Berdasarkan laporan Badan Perencanaan Pembangunan Daerah (Bappeda) Pemprov DKI Jakarta dalam LKPJ, anggaran pendamping di sepanjang pengunaan APBD tahun 2019 hanya terserap 59,5% atau Rp156 juta dari total anggaran sebesar Rp261,3 juta.
Tidak optimalnya serapan anggaran tersebut juga ditengarai Komisi A DPRD DKI Jakarta karena pendamping tidak dilatih terlebih dahulu agar memiliki kemampuan dan pemahaman yang mumpuni.

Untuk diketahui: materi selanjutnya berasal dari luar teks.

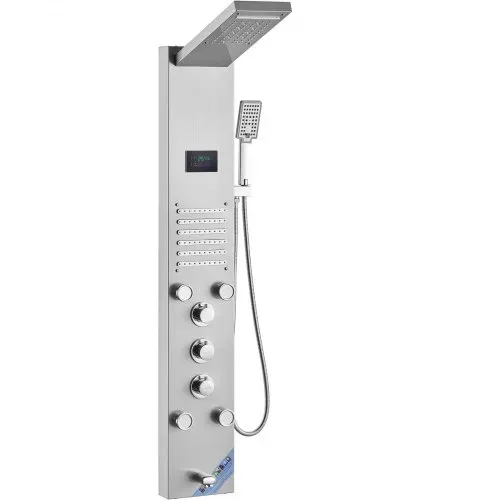VEVOR Duschpaneelsystem, 6 Duschmodi, LED- und Bildschirm-Wasserkraft-Duschpaneelturm, Regenfall, Wasserfall, 5 Massagedüsen, Wannenauslauf, Handbrause, wandmontiertes Duschset aus Edelstahl – Bild 10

“2019 itu tahun pertama Bappeda merekrut pendamping Musrenbang di RT RW. Anggaran lumayan gede itu. Pendampingannya saja tidak dilakukan secara utuh, jadi mereka hanya disuruh mendampingi tapi tidak dilatih, jadi manfaatnya tidak maksimal,” terang Gembong Warsono, Anggota Komisi A DPRD DKI Jakarta.
Di lokasi yang sama, Kepala Bappeda DKI Jakarta Nasruddin Djoko Surjono mengakui memang usulan-usulan yang ditampung oleh para pendamping Musrenbang tidak menjamin semuanya terakomodir dalam Rencana Kerja Pembangunan Daerah (RKPD).
“Memang ada usulan yang ditolak. Dari 37.979 usulan, 20.048 diakomodir dalam renja 2019, 5.719 usulan teranggarkan dalam APBD 2019 dan 12.209 ditolak. Biasanya yang ditolak itu karena tupoksi usulan tersebut sudah ada di tempat lain,” tandasnya. (DDJP/gie/oki)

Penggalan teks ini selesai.